Struct

We're going to create a type to represent an interval. Rust follows a standardized naming convention for types, where structures use UpperCamelCase¹ for "type-level" constructs. Therefore, we'll name our struct Interval.

Defining our Struct

Our closed interval is going to represent the start and end of the lines to print:

struct Interval {
    start: usize,
    end: usize,
}

Defining Behavior

Functions and methods are added by defining them inside an impl block:

impl Interval {
    // Methods definitions
}

The new Function

As it is common convention in Rust to define a function called new for creating an object, we'll begin by defining one to return an Interval.

impl Interval {
    fn new(start: usize, end: usize) -> Self {
        Self { start, end }
    }
}

The keyword Self

The Self keywords in the return type and the body of the function are aliases for the type specified after the impl keyword, which in this case is Interval. While the type can be explicitly stated, the common convention is to use Self.

Exclusion of the return keyword and (;)

The return keyword is unnecessary when the returned value is the final expression in a function. In this scenario, the semicolon (;) is omitted. ²

Methods

Recall from our grep program that we merged overlapping intervals to prevent printing the same line multiple times. It would be useful to create a method to check if two intervals overlap and another method to merge overlapping intervals. Let's outline these methods!

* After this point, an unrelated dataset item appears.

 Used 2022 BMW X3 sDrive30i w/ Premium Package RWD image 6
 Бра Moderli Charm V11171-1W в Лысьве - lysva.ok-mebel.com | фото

fn overlaps(&self, other: &Interval) -> bool {
    todo!();
}

fn merge(&self, other: &Self) -> Self {
    todo!();
}

The todo!() and unimplemented!() macros can be useful if you are prototyping and just want a placeholder to let your code pass type analysis.

The self Method Receiver

You're probably accustomed to using the implicit this pointer (a hidden first parameter) in your class methods. In Rust, the self keyword is used to represent the receiver of a method and the convention is to omit the type for this parameter. Depending on the intended behavior, it can be specified as self, &self or &mut self.³

Omitting the type after self is syntactic sugar. It's short for self: Self. As Self is an alias to the actual type, the full expansion would be self: Interval, self: &Interval or self: &mut Interval.

Implementing the Methods

Remember that our grep program processes lines sequentially. This allows us to optimize the detection of overlapping intervals. However, this approach limits the versatility of our Interval type. As an exercise, you can work on making it more generic.

overlaps

The overlaps method is fairly straightforward. We check if the end of the first interval is greater than or equal to the start of the next interval. The only caveat is the order of the comparison.

fn overlaps(&self, other: &Interval) -> bool {
    self.end >= other.start
}

merge

The merge method returns a new Interval using the start of the first interval and the end of the second. The same caveat applies: the receiver must be the interval that comes first in the sequence.

In both cases, an immutable borrow for both intervals is sufficient since we do not need to mutate either value.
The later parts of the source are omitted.